Le beans to bar vu par Laurent Gerbaud





Sébastien – Toi, tu parles du beans-to-bar, et c’est vrai que depuis quelques années, c’est vraiment en effervescence dans le monde entier, aux États-Unis, en Angleterre, en France. Qu’est-ce que toi tu penses de cette mouvance-là, du beans-to-bar ?

Laurent Gerbaud – Je trouve ça positif dans le sens où on se réapproprie la gestion et le travail des matières premières. Parce que sinon on est un simple transformateur, on fond du chocolat, on le moule et on le fourre avec quelque chose que j’espère on a fabriqué soi-même. Ce n’est pas toujours le cas puisqu’il y a moyen d’acheter des ganaches en seau chez les fabricants, de plus en plus. Donc c’est bien. Ça veut dire que l’on retourne vers les matières premières.

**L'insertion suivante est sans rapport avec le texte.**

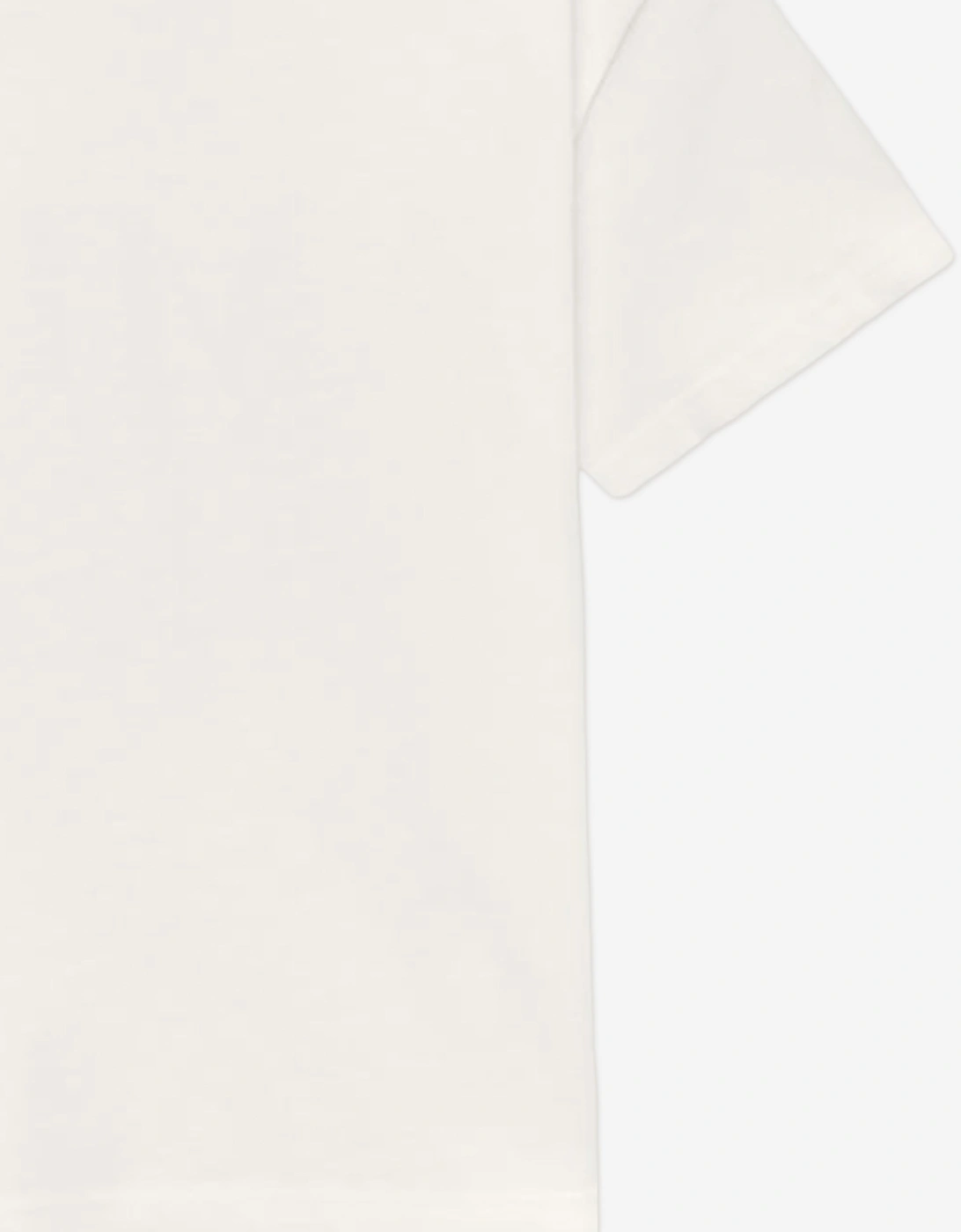 Kids Staggered T-Shirt in Ivory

Maintenant il faut savoir que le cacao c’est vraiment – enfin ça vous le savez – une matière première fragile, et c’est compliqué d’avoir un produit fini nickel. Par exemple pour moi, c’est dix fois plus facile d’acheter chez Domori même si c’est cher, le meilleur chocolat de couverture parce qu’au moins je suis sûr que mon produit sera toujours nickel. Quand on fabrique à partir des fèves il faut accepter les aléas de la production. Une fois les fèves sont mauvaises ou moins bonnes, une fois la torréfaction est trop forte, une fois on n’a pas assez conché. Donc chaque batch, quand on fait des micro-batch en bean-to-bar, va être différent. Donc avoir une régularité dans les petites productions c’est ce qu’il y a de plus compliqué et c’est pour ça qu’il faut – des gens comme Bonnat, Pralus etc – c’est vraiment des années et des années de pratique avant d’avoir un bon goût.

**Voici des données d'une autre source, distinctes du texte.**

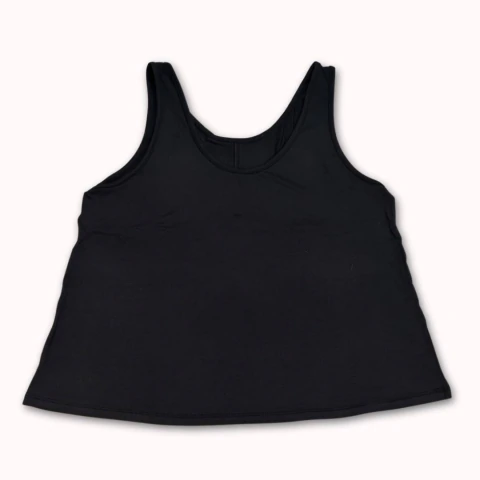 Musculosa evasé de algodón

J’ai eu une réflexion pendant les vacances qui était géniale. C’est une belge qui s’est lancée dans le vin en France – enfin ils ont tout un domaine en Provence et ils ont planté des vignes – et elle me dit : « On a fait un bon vin par accident ». Et donc ils ont fait un bon rosé la première année, elle me dit, mais, c’est par accident. C’est un hasard. J’ai adoré. Ça c’est vraiment de l’humilité de dire voilà on ne maîtrise pas tout et parfois ça marche, parfois ça ne marche pas. Et en chocolat c’est la même chose. Il faut vraiment bien séparer le marketing, le packaging, la relation presse etc., l’image qu’on veut donner et puis la qualité réelle du produit. Il ne faut pas lancer un produit si on n’est pas vraiment satisfait, qu’on n’a pas passé disons, des tests de dégustation par des professionnels. Parce que sinon on met du charbon sur le marché et on tue sa marque en très peu de temps. Il faut vraiment être très humble je trouve par rapport à ça, mais c’est vraiment intéressant. Au niveau du cacao, à partir du moment où on fait du bean-to-bar ça n’a aucun sens d’acheter du cacao industriel. Donc ça veut dire qu’on peut aller, pour des plus petites quantités vers des petits producteurs, donc essayer d’aller dans une relation directe et de faire du vrai Fairtrade. Pas simplement payer un bonus en bourse sur un container.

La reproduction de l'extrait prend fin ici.